Segment Start: Provided material

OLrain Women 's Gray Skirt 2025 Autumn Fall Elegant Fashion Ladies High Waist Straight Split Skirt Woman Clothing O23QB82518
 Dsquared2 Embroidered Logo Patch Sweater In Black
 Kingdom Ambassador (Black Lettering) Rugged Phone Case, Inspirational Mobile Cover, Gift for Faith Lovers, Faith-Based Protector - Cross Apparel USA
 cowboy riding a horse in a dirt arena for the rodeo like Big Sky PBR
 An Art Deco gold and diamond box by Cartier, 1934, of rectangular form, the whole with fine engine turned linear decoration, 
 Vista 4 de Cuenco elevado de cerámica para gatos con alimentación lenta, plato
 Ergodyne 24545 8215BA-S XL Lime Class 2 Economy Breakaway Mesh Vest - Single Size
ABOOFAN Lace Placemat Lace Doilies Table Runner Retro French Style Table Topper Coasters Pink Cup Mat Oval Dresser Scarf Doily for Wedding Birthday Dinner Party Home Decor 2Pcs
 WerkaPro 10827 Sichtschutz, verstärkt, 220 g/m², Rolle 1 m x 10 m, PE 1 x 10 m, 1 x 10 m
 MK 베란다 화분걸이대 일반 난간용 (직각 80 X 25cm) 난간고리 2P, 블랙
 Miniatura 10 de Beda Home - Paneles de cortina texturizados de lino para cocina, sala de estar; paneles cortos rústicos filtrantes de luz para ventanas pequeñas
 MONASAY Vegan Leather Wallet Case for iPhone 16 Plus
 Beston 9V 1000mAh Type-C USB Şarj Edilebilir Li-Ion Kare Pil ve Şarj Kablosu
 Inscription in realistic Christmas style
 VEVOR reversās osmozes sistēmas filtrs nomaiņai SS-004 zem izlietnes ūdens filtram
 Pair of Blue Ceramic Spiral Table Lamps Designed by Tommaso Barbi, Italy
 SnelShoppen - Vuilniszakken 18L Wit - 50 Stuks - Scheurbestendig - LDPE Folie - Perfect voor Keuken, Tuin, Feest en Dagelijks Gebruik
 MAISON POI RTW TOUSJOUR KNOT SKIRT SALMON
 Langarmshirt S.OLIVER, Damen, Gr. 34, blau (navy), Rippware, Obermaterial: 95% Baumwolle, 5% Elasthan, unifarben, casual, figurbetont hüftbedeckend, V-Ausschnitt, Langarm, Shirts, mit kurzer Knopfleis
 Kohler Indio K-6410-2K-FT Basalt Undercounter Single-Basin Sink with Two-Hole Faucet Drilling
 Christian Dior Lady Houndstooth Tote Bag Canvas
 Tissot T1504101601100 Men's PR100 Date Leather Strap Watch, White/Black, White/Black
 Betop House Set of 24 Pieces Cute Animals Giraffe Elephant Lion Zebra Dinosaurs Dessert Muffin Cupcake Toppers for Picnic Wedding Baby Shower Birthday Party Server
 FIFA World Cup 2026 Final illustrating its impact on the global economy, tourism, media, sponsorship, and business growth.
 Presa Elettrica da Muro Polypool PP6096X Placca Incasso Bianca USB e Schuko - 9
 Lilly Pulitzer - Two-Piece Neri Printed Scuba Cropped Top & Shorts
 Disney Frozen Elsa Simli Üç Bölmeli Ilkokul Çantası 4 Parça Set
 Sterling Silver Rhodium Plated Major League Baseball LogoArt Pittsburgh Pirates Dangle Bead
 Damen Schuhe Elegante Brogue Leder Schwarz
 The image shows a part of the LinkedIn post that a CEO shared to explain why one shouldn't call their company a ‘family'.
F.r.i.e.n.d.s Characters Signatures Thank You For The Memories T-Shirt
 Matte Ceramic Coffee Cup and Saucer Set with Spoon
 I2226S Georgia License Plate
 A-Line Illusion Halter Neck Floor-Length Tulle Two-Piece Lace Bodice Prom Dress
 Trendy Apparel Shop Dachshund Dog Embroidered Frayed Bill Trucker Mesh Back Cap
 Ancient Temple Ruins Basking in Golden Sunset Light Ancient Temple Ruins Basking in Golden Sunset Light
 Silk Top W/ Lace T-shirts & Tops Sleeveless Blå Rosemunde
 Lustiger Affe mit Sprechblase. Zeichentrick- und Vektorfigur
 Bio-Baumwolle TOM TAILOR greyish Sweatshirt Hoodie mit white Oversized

Segment End: Provided material

Task:
The data above needs to be repeated exactly, line for line.

Result:
OLrain Women 's Gray Skirt 2025 Autumn Fall Elegant Fashion Ladies High Waist Straight Split Skirt Woman Clothing O23QB82518
 Dsquared2 Embroidered Logo Patch Sweater In Black
 Kingdom Ambassador (Black Lettering) Rugged Phone Case, Inspirational Mobile Cover, Gift for Faith Lovers, Faith-Based Protector - Cross Apparel USA
 cowboy riding a horse in a dirt arena for the rodeo like Big Sky PBR
 An Art Deco gold and diamond box by Cartier, 1934, of rectangular form, the whole with fine engine turned linear decoration, 
 Vista 4 de Cuenco elevado de cerámica para gatos con alimentación lenta, plato
 Ergodyne 24545 8215BA-S XL Lime Class 2 Economy Breakaway Mesh Vest - Single Size
ABOOFAN Lace Placemat Lace Doilies Table Runner Retro French Style Table Topper Coasters Pink Cup Mat Oval Dresser Scarf Doily for Wedding Birthday Dinner Party Home Decor 2Pcs
 WerkaPro 10827 Sichtschutz, verstärkt, 220 g/m², Rolle 1 m x 10 m, PE 1 x 10 m, 1 x 10 m
 MK 베란다 화분걸이대 일반 난간용 (직각 80 X 25cm) 난간고리 2P, 블랙
 Miniatura 10 de Beda Home - Paneles de cortina texturizados de lino para cocina, sala de estar; paneles cortos rústicos filtrantes de luz para ventanas pequeñas
 MONASAY Vegan Leather Wallet Case for iPhone 16 Plus
 Beston 9V 1000mAh Type-C USB Şarj Edilebilir Li-Ion Kare Pil ve Şarj Kablosu
 Inscription in realistic Christmas style
 VEVOR reversās osmozes sistēmas filtrs nomaiņai SS-004 zem izlietnes ūdens filtram
 Pair of Blue Ceramic Spiral Table Lamps Designed by Tommaso Barbi, Italy
 SnelShoppen - Vuilniszakken 18L Wit - 50 Stuks - Scheurbestendig - LDPE Folie - Perfect voor Keuken, Tuin, Feest en Dagelijks Gebruik
 MAISON POI RTW TOUSJOUR KNOT SKIRT SALMON
 Langarmshirt S.OLIVER, Damen, Gr. 34, blau (navy), Rippware, Obermaterial: 95% Baumwolle, 5% Elasthan, unifarben, casual, figurbetont hüftbedeckend, V-Ausschnitt, Langarm, Shirts, mit kurzer Knopfleis
 Kohler Indio K-6410-2K-FT Basalt Undercounter Single-Basin Sink with Two-Hole Faucet Drilling
 Christian Dior Lady Houndstooth Tote Bag Canvas
 Tissot T1504101601100 Men's PR100 Date Leather Strap Watch, White/Black, White/Black
 Betop House Set of 24 Pieces Cute Animals Giraffe Elephant Lion Zebra Dinosaurs Dessert Muffin Cupcake Toppers for Picnic Wedding Baby Shower Birthday Party Server
 FIFA World Cup 2026 Final illustrating its impact on the global economy, tourism, media, sponsorship, and business growth.
 Presa Elettrica da Muro Polypool PP6096X Placca Incasso Bianca USB e Schuko - 9
 Lilly Pulitzer - Two-Piece Neri Printed Scuba Cropped Top & Shorts
 Disney Frozen Elsa Simli Üç Bölmeli Ilkokul Çantası 4 Parça Set
 Sterling Silver Rhodium Plated Major League Baseball LogoArt Pittsburgh Pirates Dangle Bead
 Damen Schuhe Elegante Brogue Leder Schwarz
 The image shows a part of the LinkedIn post that a CEO shared to explain why one shouldn't call their company a ‘family'.
F.r.i.e.n.d.s Characters Signatures Thank You For The Memories T-Shirt
 Matte Ceramic Coffee Cup and Saucer Set with Spoon
 I2226S Georgia License Plate
 A-Line Illusion Halter Neck Floor-Length Tulle Two-Piece Lace Bodice Prom Dress
 Trendy Apparel Shop Dachshund Dog Embroidered Frayed Bill Trucker Mesh Back Cap
 Ancient Temple Ruins Basking in Golden Sunset Light Ancient Temple Ruins Basking in Golden Sunset Light
 Silk Top W/ Lace T-shirts & Tops Sleeveless Blå Rosemunde
 Lustiger Affe mit Sprechblase. Zeichentrick- und Vektorfigur
 Bio-Baumwolle TOM TAILOR greyish Sweatshirt Hoodie mit white Oversized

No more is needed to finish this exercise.